# EXERCISE PROMPT
Copy the records word for word, omitting all pictures.

# TASK DATA

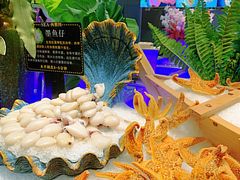 -SEA西雅图海鲜自助餐厅(海乐世界店)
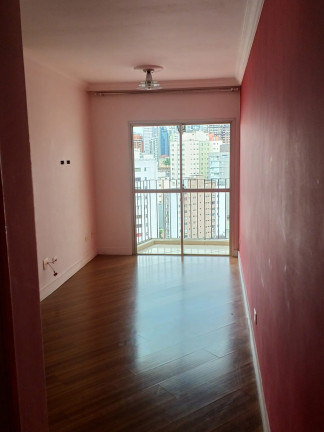Imagem Imóvel com 3 Quartos à Venda, 67 m² em Liberdade - São Paulo Imagem Imóvel com 3 Quartos à Venda, 67 m² em Liberdade - São Paulo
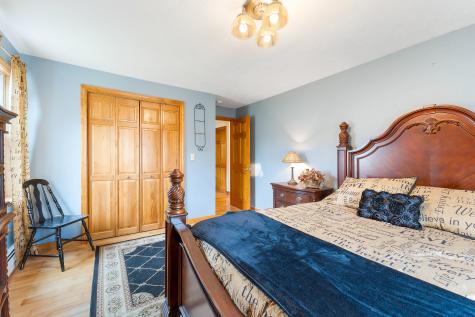 80 Frost Hill Avenue Lisbon ME 04252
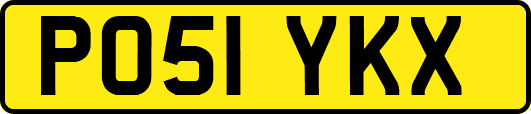 PO51YKX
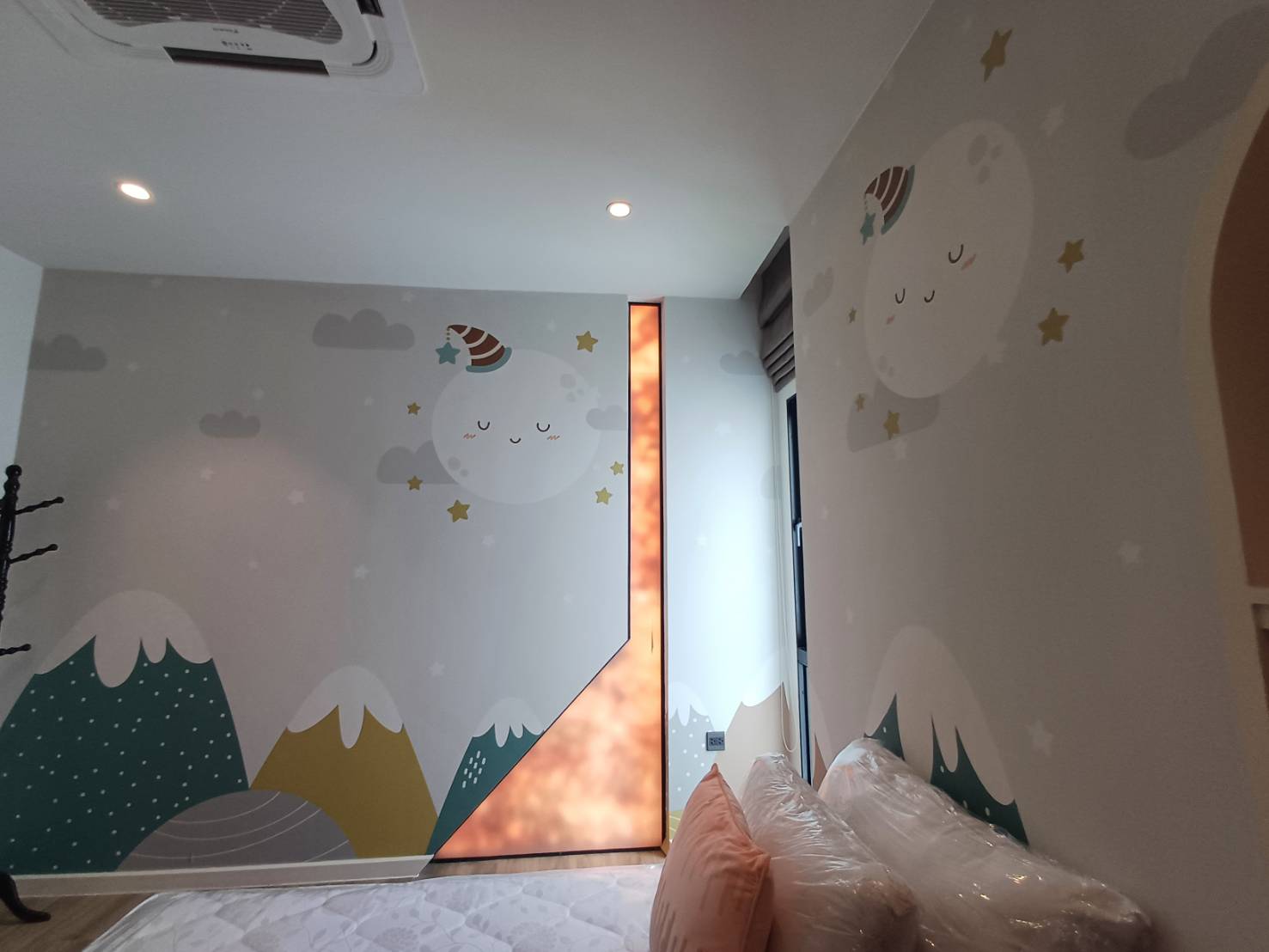 For Rent : Kohkaew, Modern style private pool villa, 4 Bedrooms 4 Bathrooms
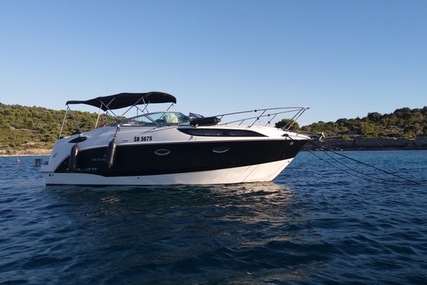Bayliner 255 SB Cruiser for sale in Croatia for €59,000 (£49,670)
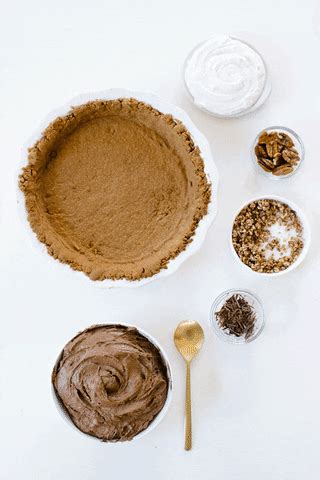 Chocolate Banana Pie Gifs Find Share On Giphy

# SOLUTION TO THIS PROBLEM
 -SEA西雅图海鲜自助餐厅(海乐世界店)
Imagem Imóvel com 3 Quartos à Venda, 67 m² em Liberdade - São Paulo Imagem Imóvel com 3 Quartos à Venda, 67 m² em Liberdade - São Paulo
 80 Frost Hill Avenue Lisbon ME 04252
 PO51YKX
 For Rent : Kohkaew, Modern style private pool villa, 4 Bedrooms 4 Bathrooms
Bayliner 255 SB Cruiser for sale in Croatia for €59,000 (£49,670)
 Chocolate Banana Pie Gifs Find Share On Giphy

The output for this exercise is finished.